Two of us coming as well. Is there a list? A flag? Or just look for "a group"?


----------



## Maverick2010 (Jun 8, 2012)

I'd love to come along. I am new to Dubai and here on my own. Would be fantastic to meet new people. Have been sick for a few days so doubt I'll be eating much.


----------



## ipshi (Jul 23, 2010)

Hey Maverick, please do come 

its a dimsum place so the stuff is easy on the tummy -- especially the steamed ones


----------



## ipshi (Jul 23, 2010)

Alright so last count is 

pamela
ipshi
iq2012
ibkiss
roadworrier+1
razi
saraswat
Janet + Liz
Tristan
Maverick
Marcel
Ann+1


Maybe
Maiden 

I will be booking a table under my name Ipshi for us outside. I can't wait to meet u guys! We will be there at 8 pm. See u soon


----------



## pamela0810 (Apr 5, 2010)

@Ipshi: Thanks for taking this over. Still doubtful if I can make it but I will call you later today 

@Ibkiss: Thanks for the tip! 

Does anyone know if they have soup there?
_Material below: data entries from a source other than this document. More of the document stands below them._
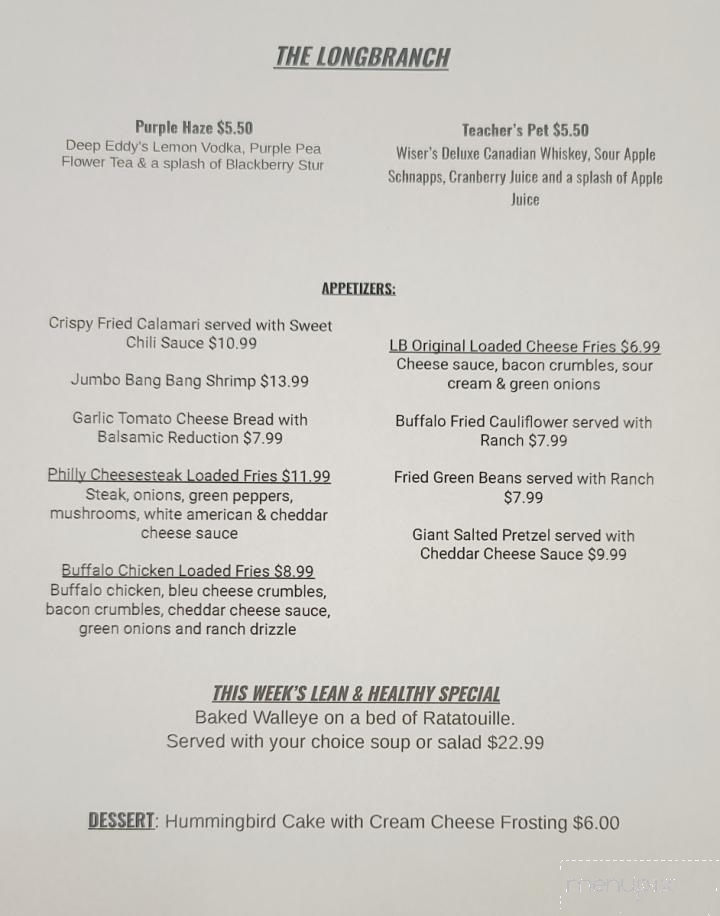 Long Branch Restaurant - Clifton, IL menu_pic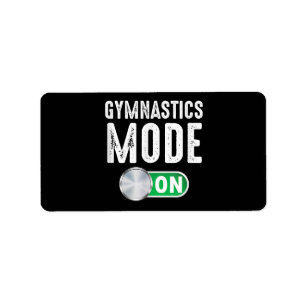 Gymnastikmodus Cool Gymnastiktrainer Adressaufkleber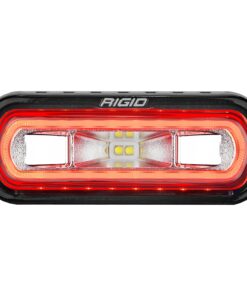 RIGID Industries SR-L Series Marine Spreader Light - Black Surface Mount - White Light w/Red Halo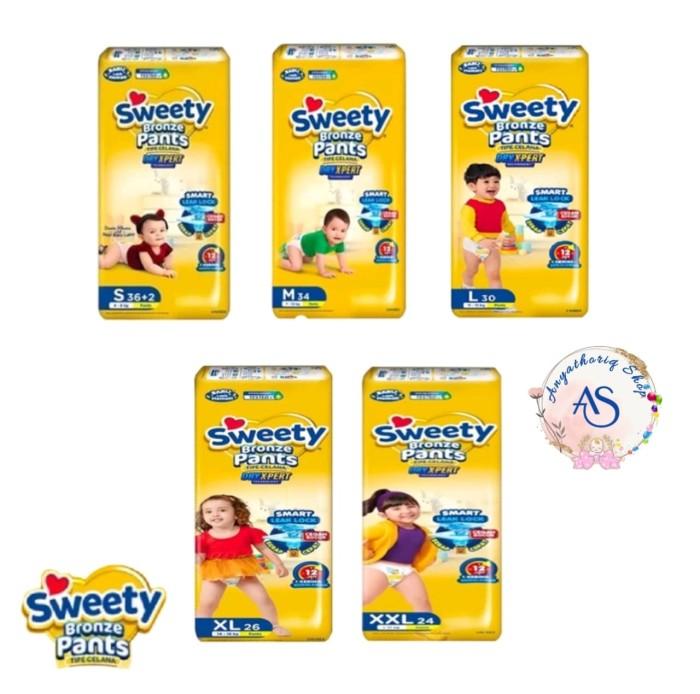Gambar ORIGINAL PEMPERS SWEETY BRONZE PANTS M 32 / L 28 / S 36+2 / XL 26 - L - S dari butik17 undefined Tokopedia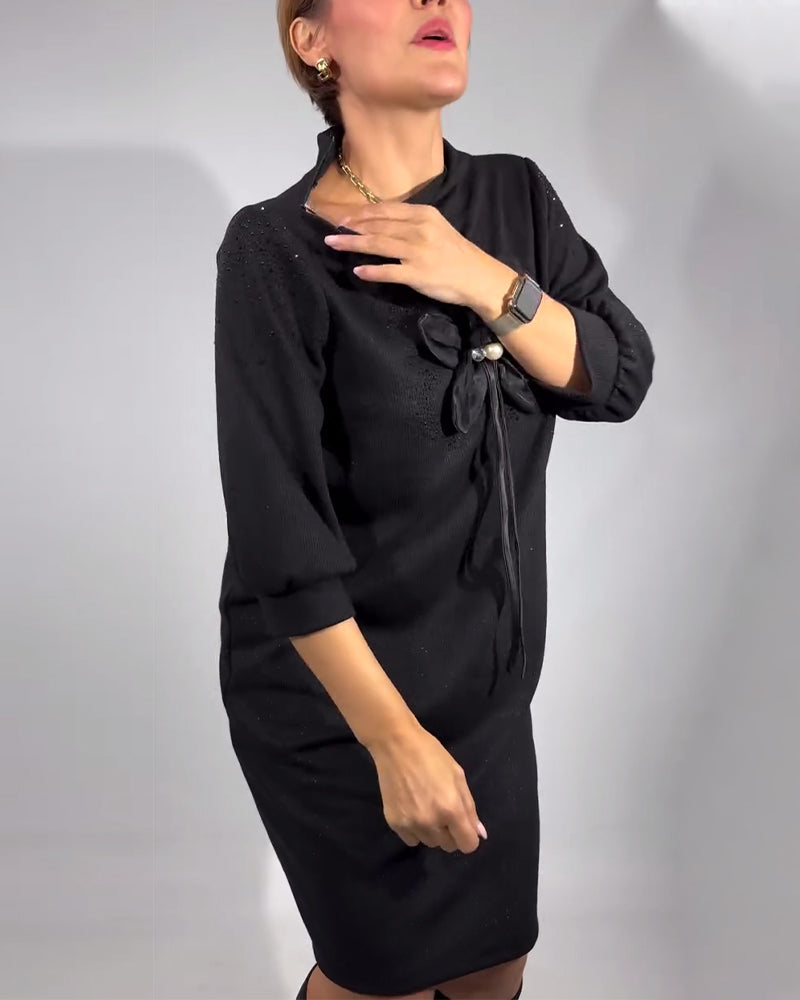 3D Floral Design Fashion Dress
I'm tired of my cup-a-soup!


----------



## IQ2012 (Feb 14, 2012)

*Recon*



pamela0810 said:


> @Ipshi: Thanks for taking this over. Still doubtful if I can make it but I will call you later today
> 
> @Ibkiss: Thanks for the tip!
> 
> Does anyone know if they have soup there? I'm tired of my cup-a-soup!


hey Pam

Hope you are feeling better.

Had a look at menu (research of course ) and they have soups :clap2:

Chicken wonton soup: delicate broth, chicken dumplings 

and

Mix mushroom soup: warming and delicious 

Ping Pong


----------



## pamela0810 (Apr 5, 2010)

IQ2012 said:


> hey Pam
> 
> Hope you are feeling better.
> 
> ...


Awww IQ! Remind me to give you a big :hug: when I see you tonight! These soups sound delicious!


----------



## ipshi (Jul 23, 2010)

The soups are delicious! Also the sticky rice is yum and doesn't require any chewing


----------



## IQ2012 (Feb 14, 2012)

pamela0810 said:


> Awww IQ! Remind me to give you a big :hug: when I see you tonight! These soups sound delicious!



aaaaaaaaaaaaaaaawwwwwwwwwww glad to be help and really hope you can make it so I can collect my hug cheer2:


----------



## Tristan2011 (Apr 28, 2012)

Hi all,


Something has come up at work so I won't be able to come tonight. 

Hope you all have a good time. 

Tristan.


----------



## pamela0810 (Apr 5, 2010)

It's going to be fun getting into Dubai Mall tonight. I just drove through 2 gas stations that were completely packed!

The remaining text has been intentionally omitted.